Problem requirements –
Work through the data below and give the number of lines holding the word "Collar", without any other text.
--- START ---
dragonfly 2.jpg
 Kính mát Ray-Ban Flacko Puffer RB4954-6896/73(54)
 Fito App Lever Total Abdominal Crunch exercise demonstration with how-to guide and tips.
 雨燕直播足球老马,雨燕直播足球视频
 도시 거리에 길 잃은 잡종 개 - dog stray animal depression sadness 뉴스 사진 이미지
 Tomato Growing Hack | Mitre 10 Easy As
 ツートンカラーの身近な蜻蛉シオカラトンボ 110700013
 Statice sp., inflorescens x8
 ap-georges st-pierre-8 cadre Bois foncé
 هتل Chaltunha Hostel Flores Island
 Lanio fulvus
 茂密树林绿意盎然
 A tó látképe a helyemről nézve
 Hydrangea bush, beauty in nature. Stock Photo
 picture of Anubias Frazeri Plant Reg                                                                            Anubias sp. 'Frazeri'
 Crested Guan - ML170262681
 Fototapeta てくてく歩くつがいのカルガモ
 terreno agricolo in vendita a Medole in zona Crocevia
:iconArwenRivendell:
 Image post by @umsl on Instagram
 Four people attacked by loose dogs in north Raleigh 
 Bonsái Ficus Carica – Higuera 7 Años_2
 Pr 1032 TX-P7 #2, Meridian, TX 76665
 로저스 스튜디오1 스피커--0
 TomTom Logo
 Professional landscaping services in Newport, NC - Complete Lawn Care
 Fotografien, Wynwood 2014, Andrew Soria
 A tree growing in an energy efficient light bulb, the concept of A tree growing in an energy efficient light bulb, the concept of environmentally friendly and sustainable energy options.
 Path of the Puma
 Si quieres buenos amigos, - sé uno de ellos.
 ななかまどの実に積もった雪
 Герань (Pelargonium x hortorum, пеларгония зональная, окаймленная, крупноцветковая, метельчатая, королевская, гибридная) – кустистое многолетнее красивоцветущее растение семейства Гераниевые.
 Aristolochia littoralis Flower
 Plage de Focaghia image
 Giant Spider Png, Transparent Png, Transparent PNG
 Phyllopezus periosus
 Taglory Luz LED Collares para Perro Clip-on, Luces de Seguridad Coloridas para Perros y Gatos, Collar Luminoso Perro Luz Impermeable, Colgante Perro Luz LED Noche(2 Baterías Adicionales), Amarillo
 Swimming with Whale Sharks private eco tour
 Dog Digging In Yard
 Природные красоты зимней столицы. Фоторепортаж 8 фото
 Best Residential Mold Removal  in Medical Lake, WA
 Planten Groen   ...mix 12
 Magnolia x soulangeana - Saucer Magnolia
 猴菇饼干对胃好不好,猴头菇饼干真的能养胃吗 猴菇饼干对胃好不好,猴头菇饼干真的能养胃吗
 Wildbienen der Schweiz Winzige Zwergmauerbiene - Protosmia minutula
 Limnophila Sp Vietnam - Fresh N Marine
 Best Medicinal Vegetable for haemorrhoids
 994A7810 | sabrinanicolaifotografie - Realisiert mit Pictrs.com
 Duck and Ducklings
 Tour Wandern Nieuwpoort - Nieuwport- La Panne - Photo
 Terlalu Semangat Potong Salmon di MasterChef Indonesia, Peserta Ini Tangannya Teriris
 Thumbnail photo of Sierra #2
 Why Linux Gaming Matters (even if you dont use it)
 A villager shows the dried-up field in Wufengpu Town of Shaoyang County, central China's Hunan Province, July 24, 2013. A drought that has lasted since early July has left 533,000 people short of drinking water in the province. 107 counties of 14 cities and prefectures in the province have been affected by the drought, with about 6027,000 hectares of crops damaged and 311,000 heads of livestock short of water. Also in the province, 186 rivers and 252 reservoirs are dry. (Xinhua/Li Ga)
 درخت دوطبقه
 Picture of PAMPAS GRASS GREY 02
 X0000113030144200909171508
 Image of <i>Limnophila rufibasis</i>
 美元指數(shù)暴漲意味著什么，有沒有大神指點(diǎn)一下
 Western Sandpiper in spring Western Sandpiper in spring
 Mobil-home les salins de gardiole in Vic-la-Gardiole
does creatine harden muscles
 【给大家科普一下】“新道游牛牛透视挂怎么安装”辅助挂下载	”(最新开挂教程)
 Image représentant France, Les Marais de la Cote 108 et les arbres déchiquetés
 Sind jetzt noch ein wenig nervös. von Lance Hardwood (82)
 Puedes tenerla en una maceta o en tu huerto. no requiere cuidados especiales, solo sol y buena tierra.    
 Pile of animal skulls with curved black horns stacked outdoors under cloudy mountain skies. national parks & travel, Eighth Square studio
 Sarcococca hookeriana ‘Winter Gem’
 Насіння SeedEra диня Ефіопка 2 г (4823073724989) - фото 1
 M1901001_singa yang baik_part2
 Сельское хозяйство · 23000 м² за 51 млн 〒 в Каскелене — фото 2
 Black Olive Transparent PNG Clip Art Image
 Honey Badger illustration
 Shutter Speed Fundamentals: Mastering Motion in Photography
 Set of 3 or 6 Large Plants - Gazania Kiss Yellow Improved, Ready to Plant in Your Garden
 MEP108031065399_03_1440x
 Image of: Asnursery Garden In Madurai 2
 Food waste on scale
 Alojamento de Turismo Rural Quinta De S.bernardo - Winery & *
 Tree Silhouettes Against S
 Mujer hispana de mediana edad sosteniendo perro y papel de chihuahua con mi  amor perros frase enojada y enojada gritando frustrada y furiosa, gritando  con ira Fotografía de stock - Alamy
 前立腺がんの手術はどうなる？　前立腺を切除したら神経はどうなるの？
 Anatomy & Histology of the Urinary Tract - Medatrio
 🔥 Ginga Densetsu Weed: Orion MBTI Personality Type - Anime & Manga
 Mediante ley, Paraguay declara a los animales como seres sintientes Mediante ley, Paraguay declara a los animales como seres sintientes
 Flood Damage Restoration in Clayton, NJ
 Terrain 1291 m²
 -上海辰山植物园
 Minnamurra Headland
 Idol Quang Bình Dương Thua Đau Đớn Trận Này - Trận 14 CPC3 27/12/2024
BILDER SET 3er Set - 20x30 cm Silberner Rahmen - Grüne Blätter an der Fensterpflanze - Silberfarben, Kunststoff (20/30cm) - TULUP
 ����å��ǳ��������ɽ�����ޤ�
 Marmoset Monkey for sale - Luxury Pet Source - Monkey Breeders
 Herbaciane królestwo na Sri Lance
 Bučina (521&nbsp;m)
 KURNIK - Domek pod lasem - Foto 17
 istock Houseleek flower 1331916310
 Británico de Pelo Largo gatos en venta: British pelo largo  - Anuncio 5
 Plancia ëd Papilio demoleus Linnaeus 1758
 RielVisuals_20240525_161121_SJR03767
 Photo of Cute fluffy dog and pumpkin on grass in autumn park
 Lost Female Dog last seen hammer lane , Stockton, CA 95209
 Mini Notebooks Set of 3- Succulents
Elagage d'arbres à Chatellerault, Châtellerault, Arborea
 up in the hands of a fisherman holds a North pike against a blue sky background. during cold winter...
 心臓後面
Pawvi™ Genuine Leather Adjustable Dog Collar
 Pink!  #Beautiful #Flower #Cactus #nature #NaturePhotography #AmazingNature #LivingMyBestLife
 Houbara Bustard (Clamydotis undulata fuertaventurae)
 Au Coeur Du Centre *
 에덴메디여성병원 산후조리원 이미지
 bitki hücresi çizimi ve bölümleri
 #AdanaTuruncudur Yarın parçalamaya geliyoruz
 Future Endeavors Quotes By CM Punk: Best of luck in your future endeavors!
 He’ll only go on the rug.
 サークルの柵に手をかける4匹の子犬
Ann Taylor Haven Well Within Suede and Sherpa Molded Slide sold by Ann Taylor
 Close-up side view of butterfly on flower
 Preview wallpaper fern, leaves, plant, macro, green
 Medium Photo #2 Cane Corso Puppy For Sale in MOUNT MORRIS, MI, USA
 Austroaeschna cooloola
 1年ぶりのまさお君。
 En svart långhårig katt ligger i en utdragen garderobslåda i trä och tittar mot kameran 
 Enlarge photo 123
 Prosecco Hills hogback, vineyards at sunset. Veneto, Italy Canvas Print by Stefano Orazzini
--- END ---
Reply to the exercise –
2